So wie er es immer macht, denn letztlich ist dieses Abschlusstraining der deutschen Nationalmannschaft vor dem Testspiel im Oman an diesem Mittwoch (18 Uhr deutscher Zeit/RTL) nicht wirklich anders als jedes andere – und mit Abschlusstrainings kennt Manuel Neuer sich aus. 113 Länderspiele hat er bestritten, was für einen Torhüter außergewöhnlich viele sind. Die Weltmeisterschaft in Katar wird sein siebtes großes Turnier sein. Angefangen hat alles mit der WM 2010, dann dem Höhepunkt mit dem Titelgewinn 2014 in Brasilien und der krachenden Enttäuschung mit dem Vorrundenaus 2018 in Russland.
Andere Lage als 2018
Vor vier Jahren war der Torhüter Neuer nach langer Verletzungspause erst unmittelbar vor dem Turnier fit geworden und hatte doch im Tor gestanden, was rückblickend wohl eine von vielen nicht ganz glücklichen Entscheidungen der damaligen sportlichen Führung war. Auch jetzt kommt Neuer aus einer Verletzung, aber die Lage ist anders: Drei Bundesligaspiele hat er bestritten vor dem Abflug in den Oman, anders als 2018 ist er fit. Und obwohl das Tor nun wirklich keine Problemzone der deutschen Mannschaft ist, zeigt sich Bundestrainer Hansi Flick doch heilfroh, dass seine Nummer 1 rechtzeitig fitgeworden ist. „Er hat das Torwartspiel auf ein neues Niveau gehoben, deswegen ist er in meinen Augen noch immer der beste Torhüter der Welt“, sagt Flick. „Deshalb sind wir happy, dass er zurück ist und auch hier zeigt, welche Qualität er hat.“
Denn Neuer steht eben noch einmal über allen Mitstreitern. Auch über Marc-André ter Stegen, der Barça-Torhüter ist wegen eines Magen-Darm-Infekts noch nicht im Oman. So zumindest schätzt es der Bundestrainer ein, und das gilt ausdrücklich nicht nur für Neuers Wirken auf, sondern auch neben dem Platz. „Ich kenne ihn schon sehr lange, er ist ein wichtiger Ansprechpartner für mich“, sagt Flick. „Er hat eine gewaltige Erfahrung.“
Neuer „Ich habe große Ziele. Ich möchte Weltmeister werden.“
Neuer hat früh den richtigen Ton gesetzt, schon im August 2021, als er im ersten Lehrgang unter Flick in einem schmucklosen Stuttgarter Tagungszentrum saß und verkündete: „Ich habe große Ziele. Ich möchte Weltmeister werden.“ Nach und nach folgten dann die Mitspieler dieser Zielsetzung, zuletzt am Dienstagmittag im Oman der Freiburger Linksverteidiger Christian Günter: „Wenn man als Deutschland zu einer WM fährt, will man das Bestmögliche erreichen – und das ist der Titel.“
Flick äußert sich zu den Aussichten zwar zurückhaltender, er weiß, dass seine Mannschaft aktuell eher nicht die besten Einzelspieler versammelt hat. Aber es gefällt ihm, dass seine Akteure ehrgeizig und selbstbewusst auftreten – und dass Neuer dabei vorangeht. Bis dahin war der Kapitän zumindest nach außen nie als Mann der klaren Worte aufgefallen. Wer ihn nach dem Konkurrenzkampf im Tor, seiner Zukunft oder den Zielen fragte, bekam meist Allgemeinplätzchen serviert.
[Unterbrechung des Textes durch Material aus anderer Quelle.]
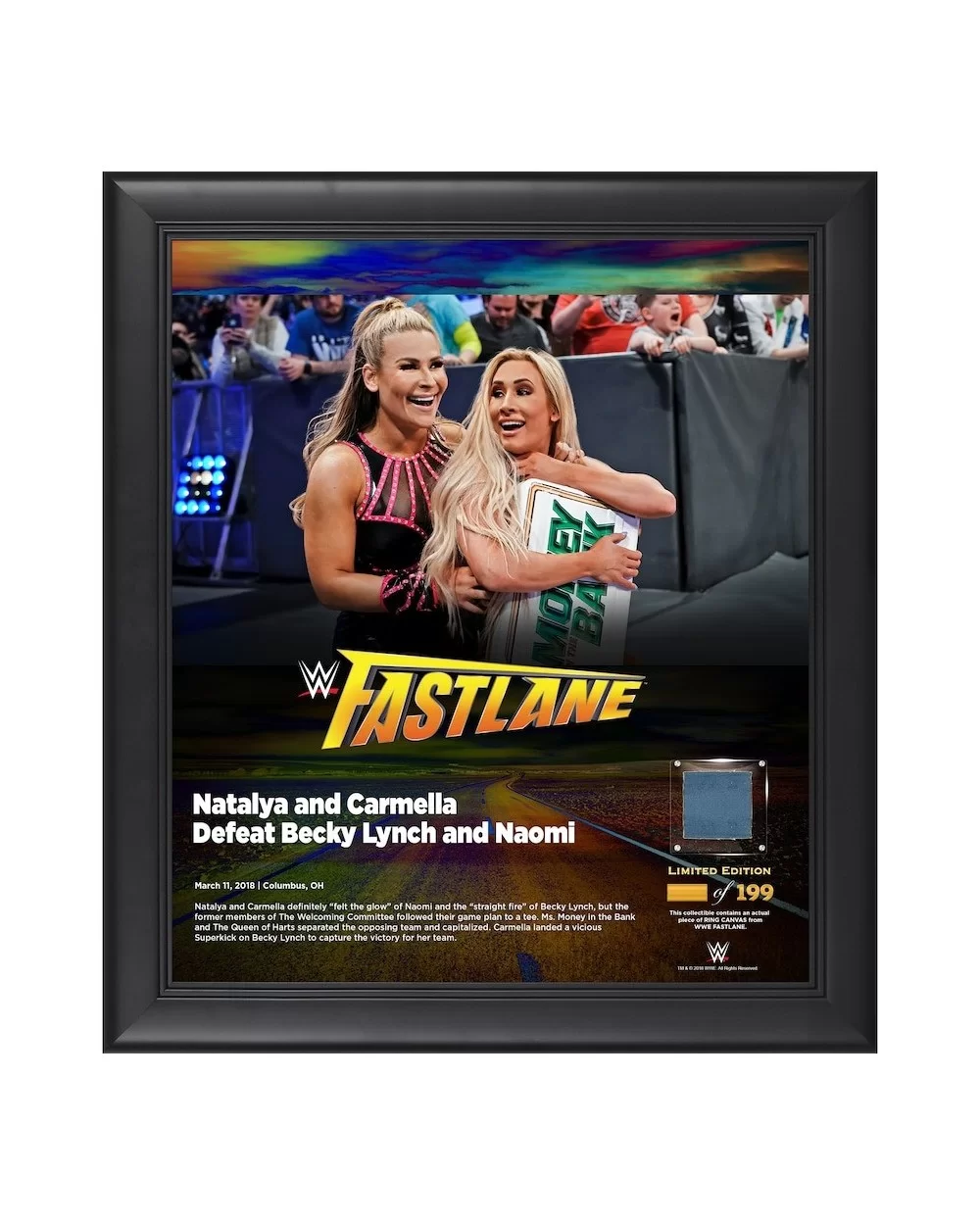 Carmella & Natalya Framed 15" x 17" 2018 Fastlane Collage with a Piece of Match-Used Canvas - Limited Edition of 199 $20.16 C...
Auftritt mit Regenbogen-Kapitänsbinde
Der Torwart Neuer wollte vor allem nicht anecken, so schien es oft genug. Bei der Europameisterschaft im vergangenen Jahr trug er zwar die Regenbogen-Kapitänsbinde als Zeichen für Vielfalt und gegen Hass – bei den Spielen in München und auch London, als die deutsche und die englische Mannschaft zusätzlich als Zeichen gegen Rassismus knieten. Aber als Kapitän machte er sich andererseits nicht dafür stark, dass man beispielsweise auch in Ungarn eine solche Botschaft gesetzt hat – was dort überhaupt nicht gut angekommen wäre.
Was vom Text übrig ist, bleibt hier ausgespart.